**THE TASK:** Leave the pictures in the listing below aside and reproduce exactly the lines starting with the one with "Students take a" and going on through the one with "The floor plan", both ends included.

**GIVEN DATA:**
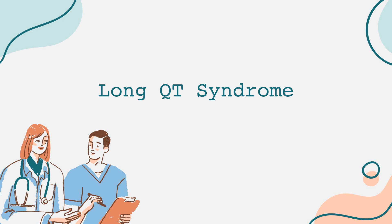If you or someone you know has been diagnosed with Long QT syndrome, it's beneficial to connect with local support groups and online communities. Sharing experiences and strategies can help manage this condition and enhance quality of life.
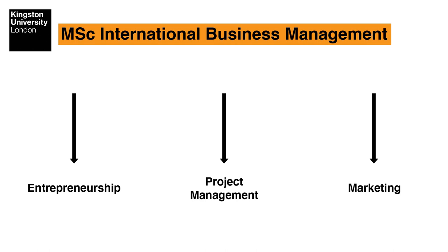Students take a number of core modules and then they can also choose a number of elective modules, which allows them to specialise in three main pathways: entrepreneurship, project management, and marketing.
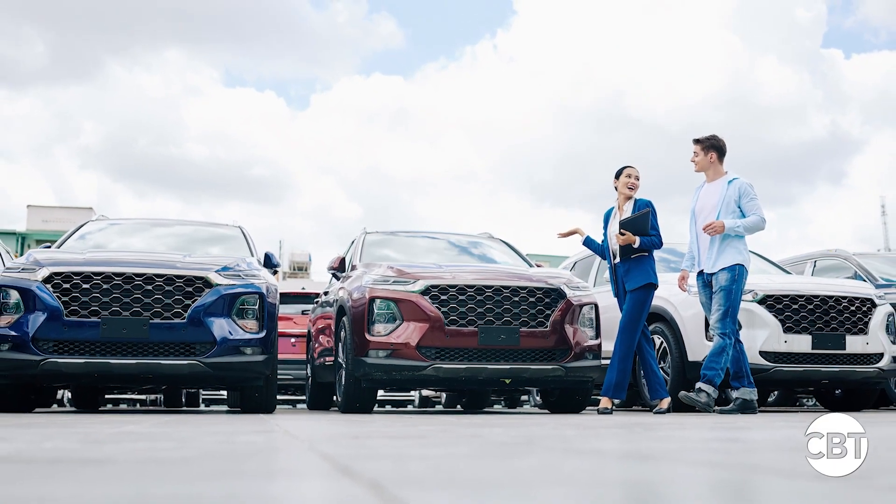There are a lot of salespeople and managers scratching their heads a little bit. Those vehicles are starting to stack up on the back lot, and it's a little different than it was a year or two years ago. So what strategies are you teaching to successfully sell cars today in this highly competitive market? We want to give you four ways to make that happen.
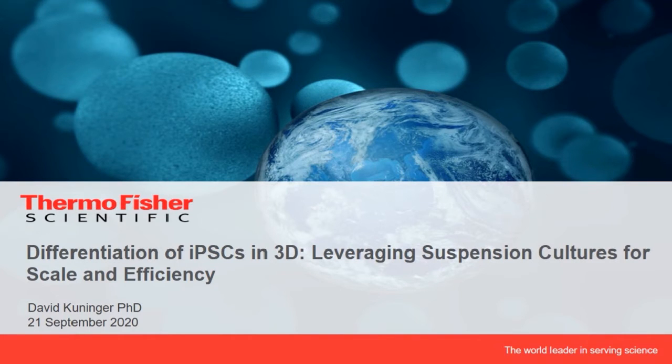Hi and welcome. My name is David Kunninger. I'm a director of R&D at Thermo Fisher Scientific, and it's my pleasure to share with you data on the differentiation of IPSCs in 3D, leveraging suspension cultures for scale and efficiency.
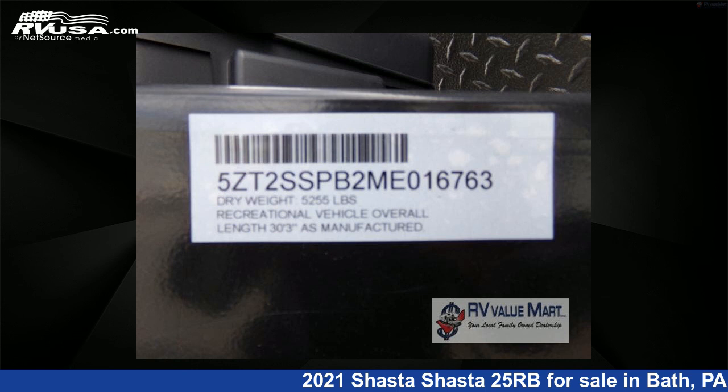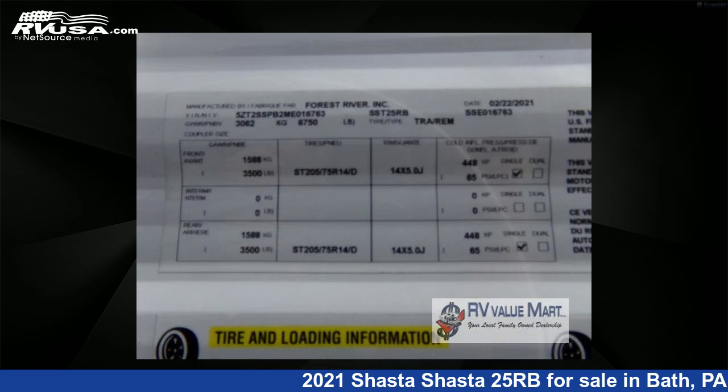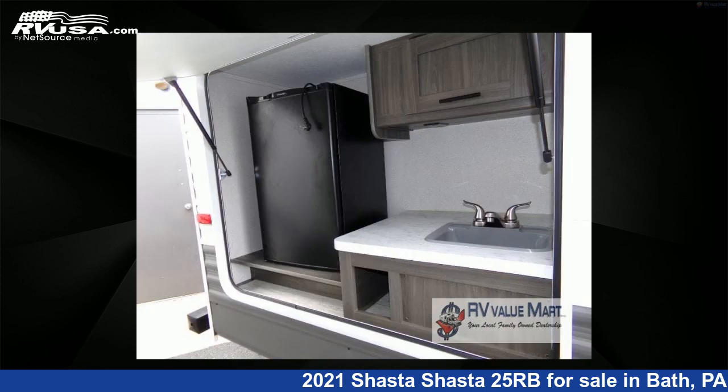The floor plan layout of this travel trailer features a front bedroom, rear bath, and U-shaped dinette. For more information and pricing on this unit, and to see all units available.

...

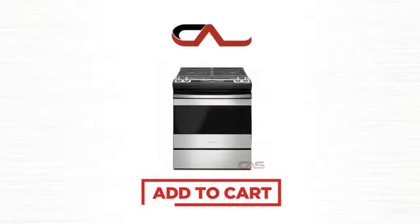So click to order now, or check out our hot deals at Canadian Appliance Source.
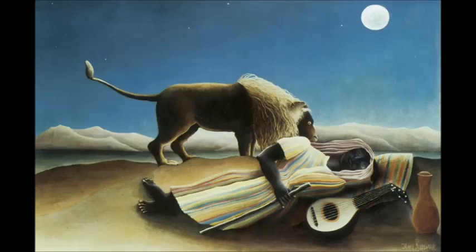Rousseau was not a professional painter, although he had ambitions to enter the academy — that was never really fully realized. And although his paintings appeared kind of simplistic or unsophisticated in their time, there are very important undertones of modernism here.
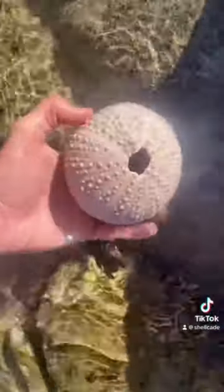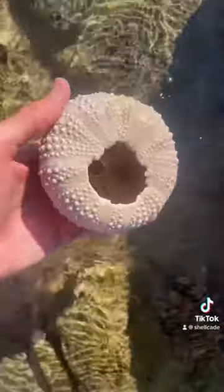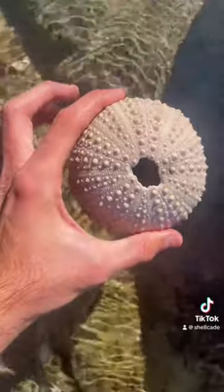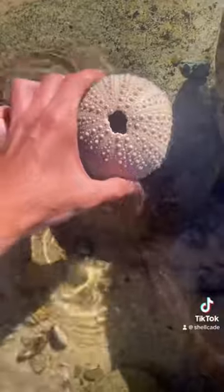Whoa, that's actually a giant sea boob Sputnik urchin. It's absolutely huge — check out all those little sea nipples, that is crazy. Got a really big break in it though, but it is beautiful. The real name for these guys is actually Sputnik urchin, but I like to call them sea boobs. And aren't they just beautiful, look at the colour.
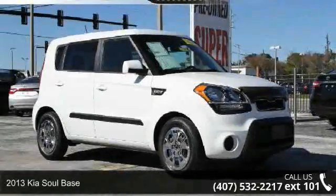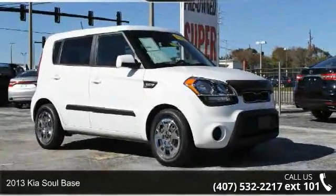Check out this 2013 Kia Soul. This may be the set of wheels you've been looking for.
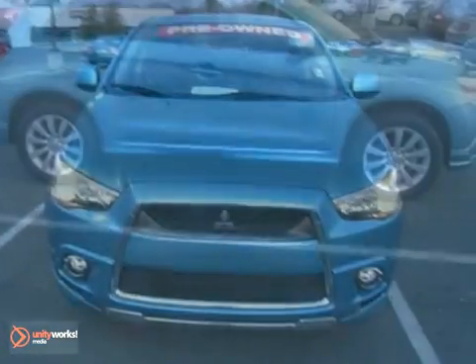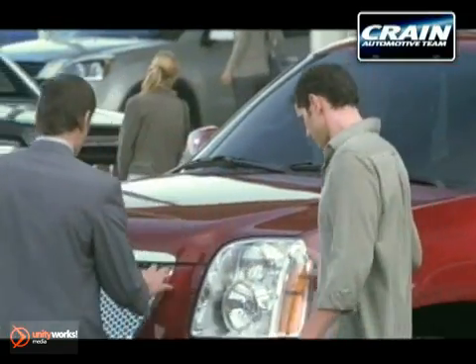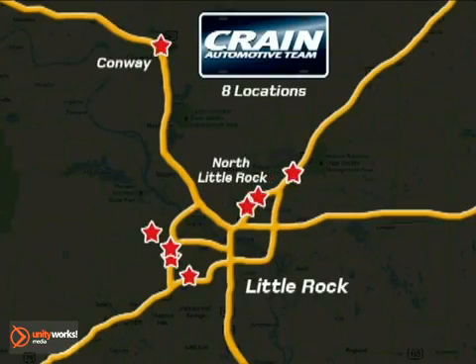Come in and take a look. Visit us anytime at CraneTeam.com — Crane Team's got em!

---

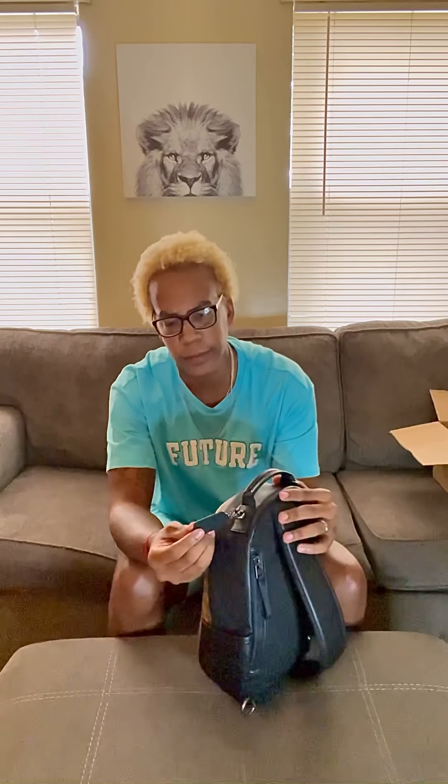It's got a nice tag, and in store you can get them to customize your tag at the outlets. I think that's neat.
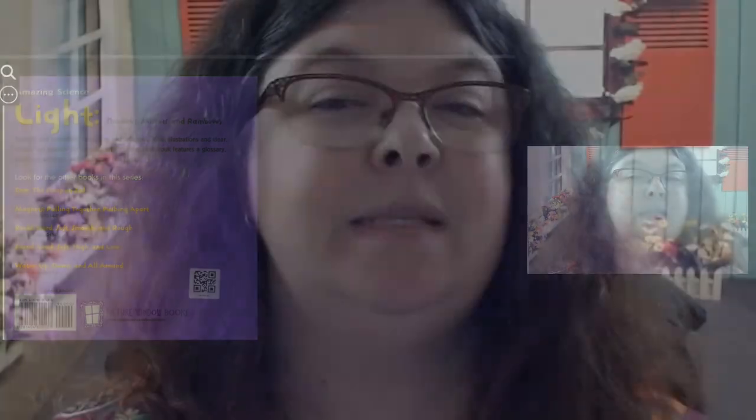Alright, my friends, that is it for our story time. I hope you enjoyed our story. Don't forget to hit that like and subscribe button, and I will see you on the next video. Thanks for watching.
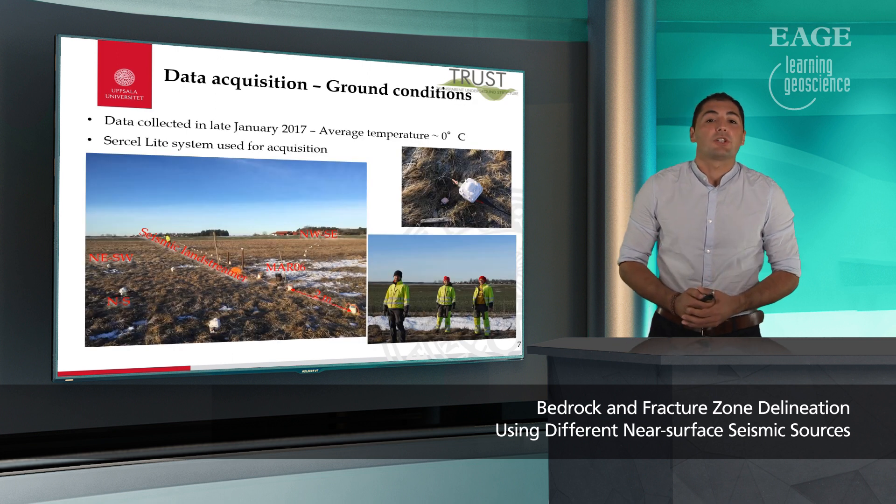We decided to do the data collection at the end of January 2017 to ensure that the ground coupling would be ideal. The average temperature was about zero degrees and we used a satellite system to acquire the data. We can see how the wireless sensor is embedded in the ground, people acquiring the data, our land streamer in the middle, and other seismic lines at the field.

**SOLUTION TO THIS EXERCISE:**
Students take a number of core modules and then they can also choose a number of elective modules, which allows them to specialise in three main pathways: entrepreneurship, project management, and marketing.
There are a lot of salespeople and managers scratching their heads a little bit. Those vehicles are starting to stack up on the back lot, and it's a little different than it was a year or two years ago. So what strategies are you teaching to successfully sell cars today in this highly competitive market? We want to give you four ways to make that happen.
Hi and welcome. My name is David Kunninger. I'm a director of R&D at Thermo Fisher Scientific, and it's my pleasure to share with you data on the differentiation of IPSCs in 3D, leveraging suspension cultures for scale and efficiency.
The floor plan layout of this travel trailer features a front bedroom, rear bath, and U-shaped dinette. For more information and pricing on this unit, and to see all units available.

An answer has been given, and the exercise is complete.